§ Task description: Exactly the lines from the start of the data below through the line containing "Раскраска девочка с пасхальным куличом" must be returned, and no others.

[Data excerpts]

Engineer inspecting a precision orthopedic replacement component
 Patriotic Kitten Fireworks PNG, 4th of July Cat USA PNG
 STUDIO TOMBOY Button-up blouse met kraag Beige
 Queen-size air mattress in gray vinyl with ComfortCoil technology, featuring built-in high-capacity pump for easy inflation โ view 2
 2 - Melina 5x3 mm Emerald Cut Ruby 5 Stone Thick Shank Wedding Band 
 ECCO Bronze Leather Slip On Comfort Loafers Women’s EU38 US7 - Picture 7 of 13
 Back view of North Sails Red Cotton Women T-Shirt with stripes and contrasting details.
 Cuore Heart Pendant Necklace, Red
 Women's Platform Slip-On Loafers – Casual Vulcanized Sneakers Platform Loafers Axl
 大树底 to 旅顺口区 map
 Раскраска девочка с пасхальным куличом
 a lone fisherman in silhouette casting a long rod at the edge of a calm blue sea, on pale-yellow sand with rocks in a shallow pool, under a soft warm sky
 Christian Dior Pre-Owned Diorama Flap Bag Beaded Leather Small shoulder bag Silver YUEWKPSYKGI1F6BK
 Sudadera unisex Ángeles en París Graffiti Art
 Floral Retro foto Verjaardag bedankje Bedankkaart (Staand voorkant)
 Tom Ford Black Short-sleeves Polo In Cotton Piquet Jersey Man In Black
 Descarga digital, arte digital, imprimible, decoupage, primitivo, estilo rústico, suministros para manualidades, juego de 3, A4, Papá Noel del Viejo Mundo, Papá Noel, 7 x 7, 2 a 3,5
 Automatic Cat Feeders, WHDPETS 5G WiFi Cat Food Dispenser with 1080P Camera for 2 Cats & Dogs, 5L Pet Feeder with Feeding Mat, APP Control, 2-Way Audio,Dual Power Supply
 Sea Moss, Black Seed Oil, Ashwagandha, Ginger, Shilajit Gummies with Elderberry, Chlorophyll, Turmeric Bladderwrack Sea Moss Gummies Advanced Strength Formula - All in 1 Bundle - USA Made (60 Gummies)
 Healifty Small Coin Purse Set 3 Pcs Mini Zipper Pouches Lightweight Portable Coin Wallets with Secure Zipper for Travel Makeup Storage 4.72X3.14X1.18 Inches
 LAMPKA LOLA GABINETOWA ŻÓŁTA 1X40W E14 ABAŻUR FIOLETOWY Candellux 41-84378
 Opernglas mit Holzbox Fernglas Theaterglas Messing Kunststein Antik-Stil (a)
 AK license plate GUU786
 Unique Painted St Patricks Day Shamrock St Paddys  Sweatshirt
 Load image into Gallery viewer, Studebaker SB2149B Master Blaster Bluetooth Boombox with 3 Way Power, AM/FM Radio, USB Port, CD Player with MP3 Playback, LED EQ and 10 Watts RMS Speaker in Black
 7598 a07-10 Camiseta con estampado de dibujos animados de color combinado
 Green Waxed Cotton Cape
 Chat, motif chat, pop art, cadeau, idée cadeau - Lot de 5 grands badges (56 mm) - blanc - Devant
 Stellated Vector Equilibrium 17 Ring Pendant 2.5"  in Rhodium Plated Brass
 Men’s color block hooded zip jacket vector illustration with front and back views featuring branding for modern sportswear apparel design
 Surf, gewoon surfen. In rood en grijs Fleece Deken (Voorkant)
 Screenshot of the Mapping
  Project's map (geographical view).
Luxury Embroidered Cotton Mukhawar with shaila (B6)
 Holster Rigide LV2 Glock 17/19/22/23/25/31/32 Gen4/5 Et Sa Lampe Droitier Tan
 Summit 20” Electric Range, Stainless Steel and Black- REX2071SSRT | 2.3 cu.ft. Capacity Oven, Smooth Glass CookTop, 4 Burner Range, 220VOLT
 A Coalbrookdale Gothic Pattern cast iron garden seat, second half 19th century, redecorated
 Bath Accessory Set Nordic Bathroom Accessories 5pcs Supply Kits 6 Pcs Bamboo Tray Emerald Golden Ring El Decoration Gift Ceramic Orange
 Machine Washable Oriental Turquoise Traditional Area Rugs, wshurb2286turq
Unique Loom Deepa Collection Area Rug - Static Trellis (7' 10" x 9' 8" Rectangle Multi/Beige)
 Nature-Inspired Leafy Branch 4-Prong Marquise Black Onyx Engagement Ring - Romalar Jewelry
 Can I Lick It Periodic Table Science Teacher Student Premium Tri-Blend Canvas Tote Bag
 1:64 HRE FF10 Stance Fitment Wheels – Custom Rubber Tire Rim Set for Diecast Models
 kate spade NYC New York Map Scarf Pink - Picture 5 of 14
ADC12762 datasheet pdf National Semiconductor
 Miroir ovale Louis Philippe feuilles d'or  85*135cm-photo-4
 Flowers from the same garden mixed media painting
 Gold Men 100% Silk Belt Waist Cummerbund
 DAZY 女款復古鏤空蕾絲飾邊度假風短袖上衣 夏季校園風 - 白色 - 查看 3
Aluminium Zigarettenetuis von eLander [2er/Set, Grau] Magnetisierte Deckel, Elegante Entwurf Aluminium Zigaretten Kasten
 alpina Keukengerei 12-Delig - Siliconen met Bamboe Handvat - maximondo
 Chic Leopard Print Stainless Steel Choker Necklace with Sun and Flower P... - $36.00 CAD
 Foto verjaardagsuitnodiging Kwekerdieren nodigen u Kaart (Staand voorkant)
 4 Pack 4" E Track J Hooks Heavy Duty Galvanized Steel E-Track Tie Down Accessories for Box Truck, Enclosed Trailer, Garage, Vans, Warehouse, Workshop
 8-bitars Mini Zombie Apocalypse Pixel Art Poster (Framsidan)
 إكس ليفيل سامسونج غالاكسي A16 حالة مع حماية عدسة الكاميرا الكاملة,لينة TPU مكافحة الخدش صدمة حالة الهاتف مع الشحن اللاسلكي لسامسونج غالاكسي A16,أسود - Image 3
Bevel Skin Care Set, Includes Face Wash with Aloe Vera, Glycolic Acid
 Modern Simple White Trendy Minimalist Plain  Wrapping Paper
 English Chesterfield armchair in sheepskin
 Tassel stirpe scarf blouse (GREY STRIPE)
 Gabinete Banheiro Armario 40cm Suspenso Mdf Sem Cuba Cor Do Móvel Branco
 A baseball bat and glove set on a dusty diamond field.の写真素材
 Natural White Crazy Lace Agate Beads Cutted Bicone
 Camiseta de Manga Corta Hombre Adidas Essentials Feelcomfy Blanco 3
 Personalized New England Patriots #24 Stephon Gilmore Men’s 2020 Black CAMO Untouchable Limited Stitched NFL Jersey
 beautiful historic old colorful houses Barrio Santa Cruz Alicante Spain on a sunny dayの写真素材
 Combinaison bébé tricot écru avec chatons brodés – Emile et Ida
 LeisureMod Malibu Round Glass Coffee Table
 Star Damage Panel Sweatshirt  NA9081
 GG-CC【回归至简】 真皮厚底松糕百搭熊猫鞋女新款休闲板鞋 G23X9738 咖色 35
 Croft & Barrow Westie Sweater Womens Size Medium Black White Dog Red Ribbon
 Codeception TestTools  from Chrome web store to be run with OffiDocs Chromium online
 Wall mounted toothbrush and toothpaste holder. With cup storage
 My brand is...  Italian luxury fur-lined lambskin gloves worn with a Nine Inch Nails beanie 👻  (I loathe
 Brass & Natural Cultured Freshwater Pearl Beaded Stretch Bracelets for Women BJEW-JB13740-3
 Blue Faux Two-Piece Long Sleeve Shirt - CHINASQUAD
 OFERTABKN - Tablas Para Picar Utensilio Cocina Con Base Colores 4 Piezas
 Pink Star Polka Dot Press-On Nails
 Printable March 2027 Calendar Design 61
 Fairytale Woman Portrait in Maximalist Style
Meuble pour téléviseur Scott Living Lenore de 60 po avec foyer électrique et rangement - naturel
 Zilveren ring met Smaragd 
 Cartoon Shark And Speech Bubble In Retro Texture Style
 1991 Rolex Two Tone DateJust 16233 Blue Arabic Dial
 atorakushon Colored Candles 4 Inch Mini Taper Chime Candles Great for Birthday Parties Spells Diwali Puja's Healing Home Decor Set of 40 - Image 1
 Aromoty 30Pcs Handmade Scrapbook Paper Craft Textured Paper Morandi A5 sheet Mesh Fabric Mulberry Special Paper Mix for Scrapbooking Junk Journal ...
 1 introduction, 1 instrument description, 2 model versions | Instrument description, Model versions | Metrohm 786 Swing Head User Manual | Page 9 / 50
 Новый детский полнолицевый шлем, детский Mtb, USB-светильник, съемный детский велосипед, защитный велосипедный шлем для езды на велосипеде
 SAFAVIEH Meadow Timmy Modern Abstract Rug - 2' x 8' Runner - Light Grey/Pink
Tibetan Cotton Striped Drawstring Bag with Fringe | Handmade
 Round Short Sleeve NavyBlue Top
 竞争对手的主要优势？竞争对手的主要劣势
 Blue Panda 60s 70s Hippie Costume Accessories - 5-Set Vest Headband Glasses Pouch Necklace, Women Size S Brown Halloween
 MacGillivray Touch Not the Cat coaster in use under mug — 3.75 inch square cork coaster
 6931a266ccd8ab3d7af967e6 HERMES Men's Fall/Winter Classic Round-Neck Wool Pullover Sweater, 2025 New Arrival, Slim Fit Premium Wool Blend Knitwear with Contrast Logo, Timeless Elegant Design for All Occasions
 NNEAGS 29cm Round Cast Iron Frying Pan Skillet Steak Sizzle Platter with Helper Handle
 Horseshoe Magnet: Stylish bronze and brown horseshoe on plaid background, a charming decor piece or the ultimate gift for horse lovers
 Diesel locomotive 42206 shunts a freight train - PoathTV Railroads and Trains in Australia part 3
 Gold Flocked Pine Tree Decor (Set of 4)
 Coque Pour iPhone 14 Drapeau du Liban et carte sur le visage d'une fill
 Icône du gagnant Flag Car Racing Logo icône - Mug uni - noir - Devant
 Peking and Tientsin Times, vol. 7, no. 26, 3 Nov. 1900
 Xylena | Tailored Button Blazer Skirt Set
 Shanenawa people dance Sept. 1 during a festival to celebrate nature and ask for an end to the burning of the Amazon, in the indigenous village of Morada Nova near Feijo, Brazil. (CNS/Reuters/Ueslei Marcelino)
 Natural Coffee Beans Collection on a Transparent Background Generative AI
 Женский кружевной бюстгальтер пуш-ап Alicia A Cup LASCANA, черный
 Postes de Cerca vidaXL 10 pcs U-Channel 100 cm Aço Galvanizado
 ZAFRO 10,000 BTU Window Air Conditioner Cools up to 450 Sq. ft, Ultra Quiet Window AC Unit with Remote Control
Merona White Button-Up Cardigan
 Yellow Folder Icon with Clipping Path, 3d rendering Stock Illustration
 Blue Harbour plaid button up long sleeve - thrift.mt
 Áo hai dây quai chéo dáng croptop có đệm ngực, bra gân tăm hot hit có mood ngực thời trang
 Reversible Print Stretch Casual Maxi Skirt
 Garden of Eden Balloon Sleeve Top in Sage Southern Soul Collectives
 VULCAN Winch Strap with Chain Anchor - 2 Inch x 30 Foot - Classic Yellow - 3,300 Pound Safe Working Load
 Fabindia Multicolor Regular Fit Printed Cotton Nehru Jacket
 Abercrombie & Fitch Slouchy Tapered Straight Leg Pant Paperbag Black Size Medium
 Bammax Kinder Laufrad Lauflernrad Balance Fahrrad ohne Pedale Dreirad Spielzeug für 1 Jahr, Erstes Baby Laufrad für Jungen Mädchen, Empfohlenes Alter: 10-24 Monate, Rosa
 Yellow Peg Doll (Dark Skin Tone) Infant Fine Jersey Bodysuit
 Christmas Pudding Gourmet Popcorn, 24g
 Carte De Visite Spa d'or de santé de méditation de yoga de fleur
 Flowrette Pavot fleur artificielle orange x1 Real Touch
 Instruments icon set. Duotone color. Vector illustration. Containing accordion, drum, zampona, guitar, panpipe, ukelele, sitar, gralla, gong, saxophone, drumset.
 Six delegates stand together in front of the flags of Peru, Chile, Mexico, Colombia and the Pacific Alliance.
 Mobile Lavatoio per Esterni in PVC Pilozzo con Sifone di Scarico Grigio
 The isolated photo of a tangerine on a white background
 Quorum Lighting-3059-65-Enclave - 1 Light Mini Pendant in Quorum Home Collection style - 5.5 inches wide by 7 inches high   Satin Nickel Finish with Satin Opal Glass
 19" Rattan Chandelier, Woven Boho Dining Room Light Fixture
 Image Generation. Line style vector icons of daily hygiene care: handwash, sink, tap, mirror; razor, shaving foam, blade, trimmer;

§ Your solution:
Engineer inspecting a precision orthopedic replacement component
 Patriotic Kitten Fireworks PNG, 4th of July Cat USA PNG
 STUDIO TOMBOY Button-up blouse met kraag Beige
 Queen-size air mattress in gray vinyl with ComfortCoil technology, featuring built-in high-capacity pump for easy inflation โ view 2
 2 - Melina 5x3 mm Emerald Cut Ruby 5 Stone Thick Shank Wedding Band 
 ECCO Bronze Leather Slip On Comfort Loafers Women’s EU38 US7 - Picture 7 of 13
 Back view of North Sails Red Cotton Women T-Shirt with stripes and contrasting details.
 Cuore Heart Pendant Necklace, Red
 Women's Platform Slip-On Loafers – Casual Vulcanized Sneakers Platform Loafers Axl
 大树底 to 旅顺口区 map
 Раскраска девочка с пасхальным куличом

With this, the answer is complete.